Set out each line from the following listing that includes the word "Edition".

-------- EXERCISE MATERIALS --------

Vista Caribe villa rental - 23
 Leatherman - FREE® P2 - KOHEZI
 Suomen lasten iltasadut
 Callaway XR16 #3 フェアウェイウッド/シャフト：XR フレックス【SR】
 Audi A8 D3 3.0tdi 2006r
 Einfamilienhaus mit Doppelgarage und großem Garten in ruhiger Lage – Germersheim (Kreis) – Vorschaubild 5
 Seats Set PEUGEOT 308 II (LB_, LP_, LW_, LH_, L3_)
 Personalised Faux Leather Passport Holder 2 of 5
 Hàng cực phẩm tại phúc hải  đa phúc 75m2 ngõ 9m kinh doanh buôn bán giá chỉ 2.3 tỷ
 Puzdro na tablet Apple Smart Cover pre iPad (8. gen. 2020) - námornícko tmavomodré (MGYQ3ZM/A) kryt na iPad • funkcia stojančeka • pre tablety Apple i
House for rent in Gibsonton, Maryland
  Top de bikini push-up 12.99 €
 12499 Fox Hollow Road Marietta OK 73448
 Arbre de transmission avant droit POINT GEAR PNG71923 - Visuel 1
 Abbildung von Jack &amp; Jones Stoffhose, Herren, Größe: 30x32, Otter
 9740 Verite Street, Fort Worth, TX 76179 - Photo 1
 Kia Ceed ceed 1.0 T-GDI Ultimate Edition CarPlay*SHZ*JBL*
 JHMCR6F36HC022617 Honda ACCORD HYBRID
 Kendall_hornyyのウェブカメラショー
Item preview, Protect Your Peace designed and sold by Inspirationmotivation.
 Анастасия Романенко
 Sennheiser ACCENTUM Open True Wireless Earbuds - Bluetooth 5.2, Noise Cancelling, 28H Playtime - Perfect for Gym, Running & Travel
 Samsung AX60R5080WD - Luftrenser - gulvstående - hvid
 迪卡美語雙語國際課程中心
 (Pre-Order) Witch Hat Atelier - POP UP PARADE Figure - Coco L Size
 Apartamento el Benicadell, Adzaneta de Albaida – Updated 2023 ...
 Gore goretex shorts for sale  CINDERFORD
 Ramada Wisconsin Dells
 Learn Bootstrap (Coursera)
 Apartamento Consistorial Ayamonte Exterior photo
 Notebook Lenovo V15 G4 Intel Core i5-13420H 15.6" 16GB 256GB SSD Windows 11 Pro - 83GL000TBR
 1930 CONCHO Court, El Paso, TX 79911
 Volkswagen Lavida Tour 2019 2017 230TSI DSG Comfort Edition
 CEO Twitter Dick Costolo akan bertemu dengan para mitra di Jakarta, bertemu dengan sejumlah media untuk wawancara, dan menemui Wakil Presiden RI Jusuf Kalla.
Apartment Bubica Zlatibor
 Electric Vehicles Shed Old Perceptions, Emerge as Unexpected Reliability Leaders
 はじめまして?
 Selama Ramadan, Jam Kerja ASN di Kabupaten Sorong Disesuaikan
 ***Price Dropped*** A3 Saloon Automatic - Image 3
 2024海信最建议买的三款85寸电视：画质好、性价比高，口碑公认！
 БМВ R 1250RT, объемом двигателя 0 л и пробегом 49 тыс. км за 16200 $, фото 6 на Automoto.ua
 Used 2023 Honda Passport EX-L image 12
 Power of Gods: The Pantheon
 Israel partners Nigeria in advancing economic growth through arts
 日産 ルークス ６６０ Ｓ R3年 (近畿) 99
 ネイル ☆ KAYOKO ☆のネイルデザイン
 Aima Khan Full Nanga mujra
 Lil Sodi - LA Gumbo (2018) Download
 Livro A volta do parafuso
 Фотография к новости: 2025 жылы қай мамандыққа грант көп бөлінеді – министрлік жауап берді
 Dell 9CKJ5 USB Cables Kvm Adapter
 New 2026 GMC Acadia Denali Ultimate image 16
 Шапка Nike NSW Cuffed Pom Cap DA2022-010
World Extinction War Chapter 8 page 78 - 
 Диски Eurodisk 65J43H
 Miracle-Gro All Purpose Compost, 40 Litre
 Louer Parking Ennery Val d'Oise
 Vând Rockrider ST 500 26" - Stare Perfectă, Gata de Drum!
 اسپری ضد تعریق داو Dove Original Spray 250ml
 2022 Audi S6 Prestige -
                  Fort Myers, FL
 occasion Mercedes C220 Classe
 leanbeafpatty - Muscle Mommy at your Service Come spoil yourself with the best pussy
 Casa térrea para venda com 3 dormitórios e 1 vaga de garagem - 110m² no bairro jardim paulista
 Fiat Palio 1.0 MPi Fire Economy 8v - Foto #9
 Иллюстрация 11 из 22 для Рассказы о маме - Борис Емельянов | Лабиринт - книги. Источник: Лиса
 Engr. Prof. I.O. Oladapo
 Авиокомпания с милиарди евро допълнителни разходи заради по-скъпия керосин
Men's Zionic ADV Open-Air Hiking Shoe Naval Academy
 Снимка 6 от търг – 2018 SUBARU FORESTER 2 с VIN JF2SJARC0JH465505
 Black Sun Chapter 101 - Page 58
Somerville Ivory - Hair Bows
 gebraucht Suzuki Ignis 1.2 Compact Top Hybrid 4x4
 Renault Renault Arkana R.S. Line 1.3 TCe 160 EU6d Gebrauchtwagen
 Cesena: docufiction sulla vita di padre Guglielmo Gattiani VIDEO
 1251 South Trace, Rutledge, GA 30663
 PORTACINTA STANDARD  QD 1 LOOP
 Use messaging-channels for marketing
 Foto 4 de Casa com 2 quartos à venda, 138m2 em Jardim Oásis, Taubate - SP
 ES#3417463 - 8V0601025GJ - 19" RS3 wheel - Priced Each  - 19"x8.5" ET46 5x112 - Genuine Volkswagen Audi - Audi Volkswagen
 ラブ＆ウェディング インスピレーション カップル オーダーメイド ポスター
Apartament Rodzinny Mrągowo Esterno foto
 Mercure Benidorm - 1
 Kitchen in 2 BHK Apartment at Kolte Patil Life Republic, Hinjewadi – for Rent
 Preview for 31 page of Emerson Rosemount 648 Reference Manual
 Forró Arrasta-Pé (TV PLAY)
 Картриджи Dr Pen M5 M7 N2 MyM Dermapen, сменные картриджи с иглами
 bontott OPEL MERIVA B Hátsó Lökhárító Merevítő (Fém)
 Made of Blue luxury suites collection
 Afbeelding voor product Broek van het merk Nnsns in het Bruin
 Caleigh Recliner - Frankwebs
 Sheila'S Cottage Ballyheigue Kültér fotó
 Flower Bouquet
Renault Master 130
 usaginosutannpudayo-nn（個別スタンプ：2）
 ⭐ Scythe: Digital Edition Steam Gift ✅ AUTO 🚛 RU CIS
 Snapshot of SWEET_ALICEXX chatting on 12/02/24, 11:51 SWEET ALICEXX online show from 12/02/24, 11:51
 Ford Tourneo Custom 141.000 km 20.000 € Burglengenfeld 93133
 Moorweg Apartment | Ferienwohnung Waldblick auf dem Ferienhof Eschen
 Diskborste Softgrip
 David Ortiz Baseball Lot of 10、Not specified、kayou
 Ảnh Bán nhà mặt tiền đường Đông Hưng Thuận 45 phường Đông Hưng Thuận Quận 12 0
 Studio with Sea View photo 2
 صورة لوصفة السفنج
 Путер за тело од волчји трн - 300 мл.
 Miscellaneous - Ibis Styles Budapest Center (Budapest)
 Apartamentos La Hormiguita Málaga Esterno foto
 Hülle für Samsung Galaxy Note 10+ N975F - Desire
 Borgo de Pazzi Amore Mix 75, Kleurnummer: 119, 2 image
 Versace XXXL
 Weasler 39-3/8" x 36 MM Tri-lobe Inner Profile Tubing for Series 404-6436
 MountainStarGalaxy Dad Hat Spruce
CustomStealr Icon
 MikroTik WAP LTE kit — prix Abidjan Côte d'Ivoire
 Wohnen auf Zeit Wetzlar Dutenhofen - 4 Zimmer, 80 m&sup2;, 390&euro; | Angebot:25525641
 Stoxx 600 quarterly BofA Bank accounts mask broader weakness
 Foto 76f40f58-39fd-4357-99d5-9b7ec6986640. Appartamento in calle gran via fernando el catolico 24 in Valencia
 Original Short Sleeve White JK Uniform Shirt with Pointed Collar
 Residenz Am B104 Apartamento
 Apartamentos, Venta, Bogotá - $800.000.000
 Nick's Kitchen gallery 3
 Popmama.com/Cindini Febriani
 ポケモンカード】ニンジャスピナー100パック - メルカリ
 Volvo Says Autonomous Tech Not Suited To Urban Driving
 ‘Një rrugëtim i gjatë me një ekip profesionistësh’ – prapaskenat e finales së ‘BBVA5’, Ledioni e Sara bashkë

--------

ANSWER BELOW >>
 Kia Ceed ceed 1.0 T-GDI Ultimate Edition CarPlay*SHZ*JBL*
 Volkswagen Lavida Tour 2019 2017 230TSI DSG Comfort Edition
 ⭐ Scythe: Digital Edition Steam Gift ✅ AUTO 🚛 RU CIS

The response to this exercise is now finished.